Work instruction >> Shown below are entries with pictures; the line with "Used JETOUR Shanhai" through the line with "Children's Sunglasses –" is the span to retype exactly, and the pictures stay out.

Exercise inputs >>
▼

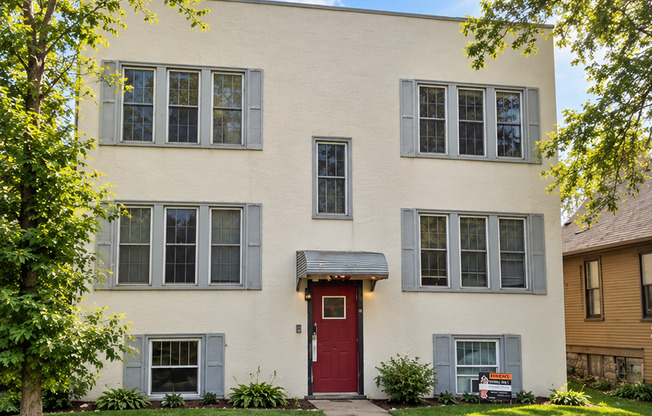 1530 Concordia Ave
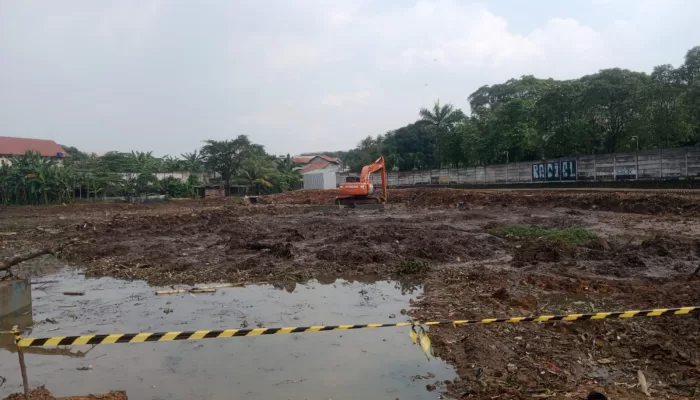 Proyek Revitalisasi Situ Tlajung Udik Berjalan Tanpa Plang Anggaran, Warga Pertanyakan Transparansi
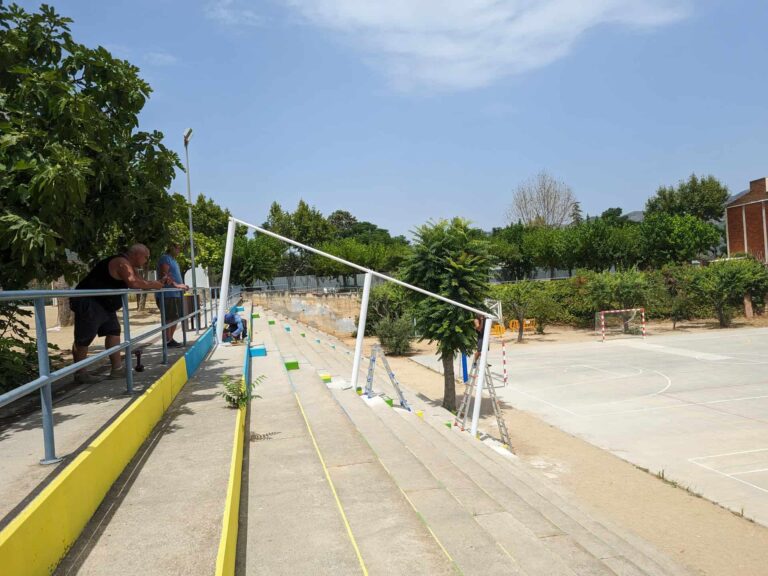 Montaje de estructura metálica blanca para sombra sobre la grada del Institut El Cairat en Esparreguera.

▲
▼

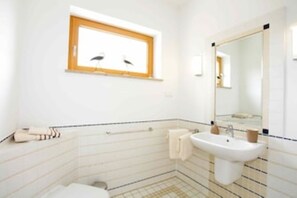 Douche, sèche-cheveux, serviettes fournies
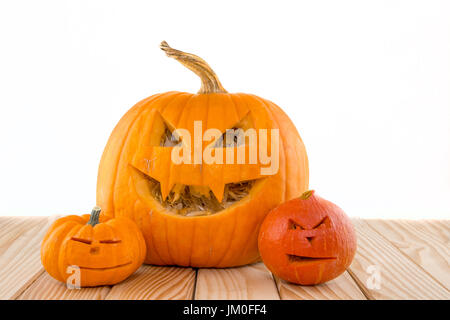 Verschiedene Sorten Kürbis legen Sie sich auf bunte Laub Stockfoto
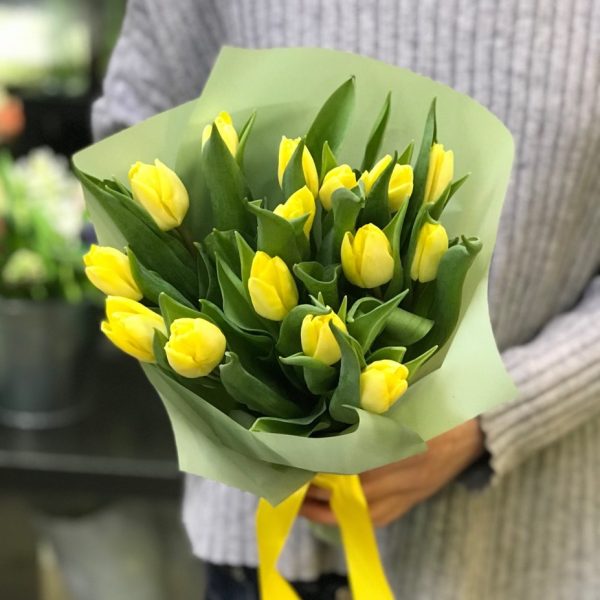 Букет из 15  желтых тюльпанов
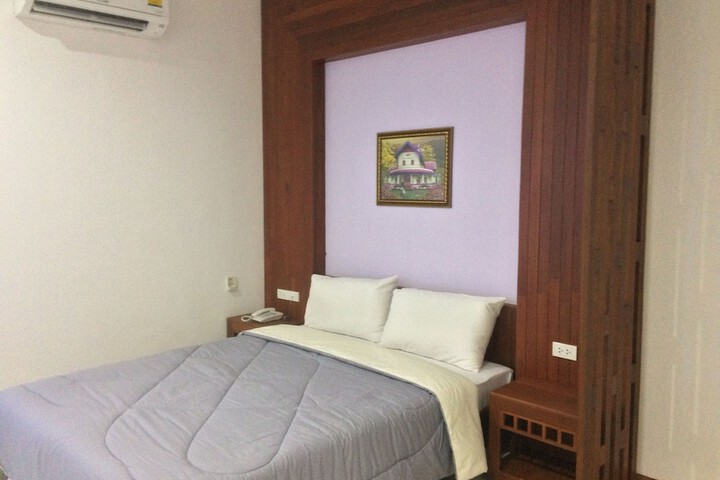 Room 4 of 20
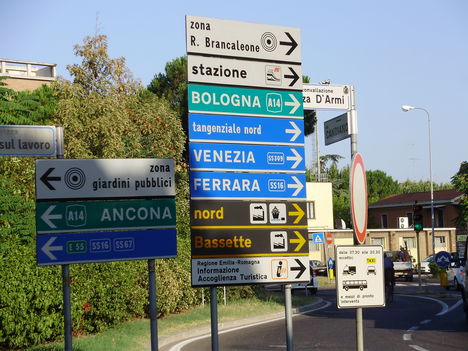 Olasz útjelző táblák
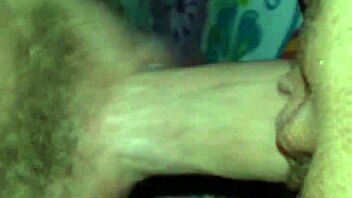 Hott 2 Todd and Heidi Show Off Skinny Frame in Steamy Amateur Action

▲
▼

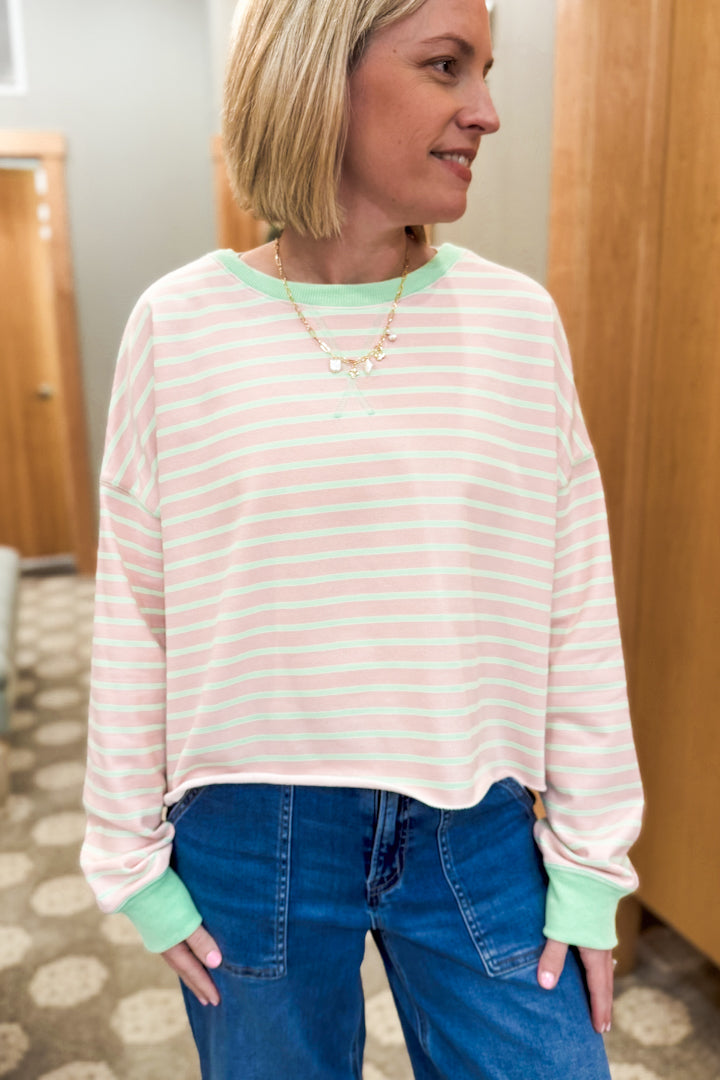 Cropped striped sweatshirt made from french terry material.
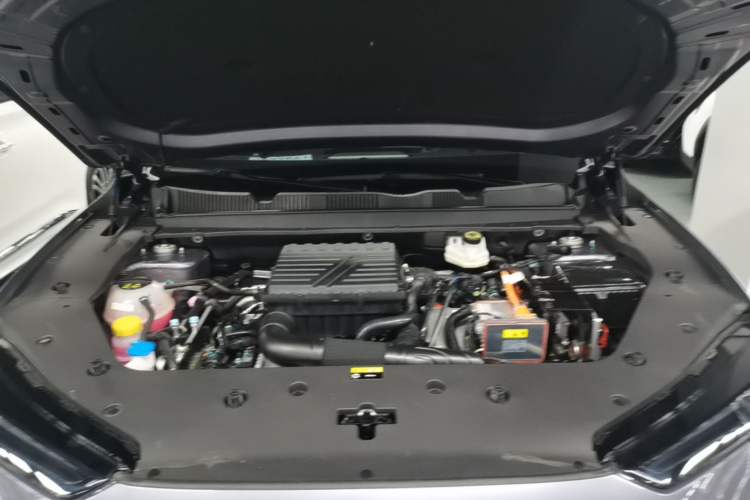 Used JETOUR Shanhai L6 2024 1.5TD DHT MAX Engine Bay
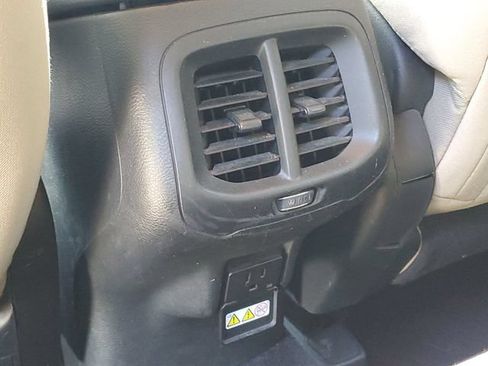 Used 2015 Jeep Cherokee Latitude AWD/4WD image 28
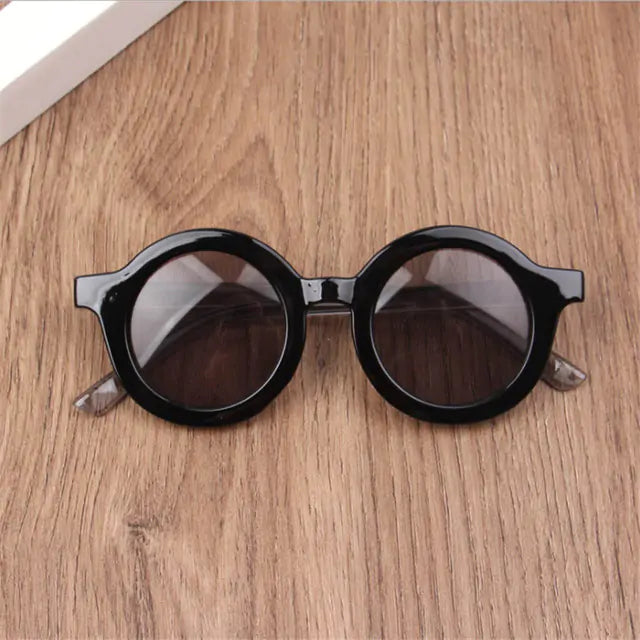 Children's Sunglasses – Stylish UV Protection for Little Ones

▲

Answer to the problem >>
 Used JETOUR Shanhai L6 2024 1.5TD DHT MAX Engine Bay
 Used 2015 Jeep Cherokee Latitude AWD/4WD image 28
 Children's Sunglasses – Stylish UV Protection for Little Ones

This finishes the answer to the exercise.